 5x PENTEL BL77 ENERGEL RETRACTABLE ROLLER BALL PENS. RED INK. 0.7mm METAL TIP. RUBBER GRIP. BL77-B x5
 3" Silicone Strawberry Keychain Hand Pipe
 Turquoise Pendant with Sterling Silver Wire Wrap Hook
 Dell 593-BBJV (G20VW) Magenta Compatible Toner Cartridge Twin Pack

────────────────────────────────────────

## TASK BRIEF
Line by line, output the listing above without alteration.

## ANSWER TO THIS EXERCISE
 5x PENTEL BL77 ENERGEL RETRACTABLE ROLLER BALL PENS. RED INK. 0.7mm METAL TIP. RUBBER GRIP. BL77-B x5
 3" Silicone Strawberry Keychain Hand Pipe
 Turquoise Pendant with Sterling Silver Wire Wrap Hook
 Dell 593-BBJV (G20VW) Magenta Compatible Toner Cartridge Twin Pack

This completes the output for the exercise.